▸ Work to be completed: Look for "Cobbe 12 Inch" in the records below, then copy that line and every line after it, exactly and with nothing added.

▸ Crawled caption data:

+++

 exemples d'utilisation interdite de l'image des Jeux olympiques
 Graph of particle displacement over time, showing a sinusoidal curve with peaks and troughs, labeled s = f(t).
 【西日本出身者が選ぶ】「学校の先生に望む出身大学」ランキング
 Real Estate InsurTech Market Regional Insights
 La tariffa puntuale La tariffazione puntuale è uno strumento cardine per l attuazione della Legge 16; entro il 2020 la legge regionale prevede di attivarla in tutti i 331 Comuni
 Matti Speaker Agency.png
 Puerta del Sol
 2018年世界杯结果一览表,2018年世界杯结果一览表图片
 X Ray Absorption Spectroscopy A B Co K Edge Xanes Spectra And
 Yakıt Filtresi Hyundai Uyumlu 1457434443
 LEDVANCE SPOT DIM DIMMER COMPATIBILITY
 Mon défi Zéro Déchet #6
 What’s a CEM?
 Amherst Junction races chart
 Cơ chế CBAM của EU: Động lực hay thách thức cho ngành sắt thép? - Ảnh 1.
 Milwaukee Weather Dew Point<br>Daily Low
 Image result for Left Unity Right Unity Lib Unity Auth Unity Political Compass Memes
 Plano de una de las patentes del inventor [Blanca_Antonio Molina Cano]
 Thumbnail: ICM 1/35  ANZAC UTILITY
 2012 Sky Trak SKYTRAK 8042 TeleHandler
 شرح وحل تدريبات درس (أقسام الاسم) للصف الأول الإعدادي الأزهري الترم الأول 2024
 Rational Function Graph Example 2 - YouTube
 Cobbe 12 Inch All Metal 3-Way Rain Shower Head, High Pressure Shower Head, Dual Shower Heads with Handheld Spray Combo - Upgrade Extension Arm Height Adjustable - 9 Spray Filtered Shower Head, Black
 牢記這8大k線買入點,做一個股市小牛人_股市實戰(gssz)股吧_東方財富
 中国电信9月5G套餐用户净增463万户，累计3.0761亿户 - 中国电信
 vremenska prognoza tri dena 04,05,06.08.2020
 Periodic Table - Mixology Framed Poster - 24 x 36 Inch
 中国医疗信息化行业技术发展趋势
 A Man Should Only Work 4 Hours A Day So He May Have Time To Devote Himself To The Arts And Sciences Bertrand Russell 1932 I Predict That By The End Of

+++

▸ Task result:
 Cobbe 12 Inch All Metal 3-Way Rain Shower Head, High Pressure Shower Head, Dual Shower Heads with Handheld Spray Combo - Upgrade Extension Arm Height Adjustable - 9 Spray Filtered Shower Head, Black
 牢記這8大k線買入點,做一個股市小牛人_股市實戰(gssz)股吧_東方財富
 中国电信9月5G套餐用户净增463万户，累计3.0761亿户 - 中国电信
 vremenska prognoza tri dena 04,05,06.08.2020
 Periodic Table - Mixology Framed Poster - 24 x 36 Inch
 中国医疗信息化行业技术发展趋势
 A Man Should Only Work 4 Hours A Day So He May Have Time To Devote Himself To The Arts And Sciences Bertrand Russell 1932 I Predict That By The End Of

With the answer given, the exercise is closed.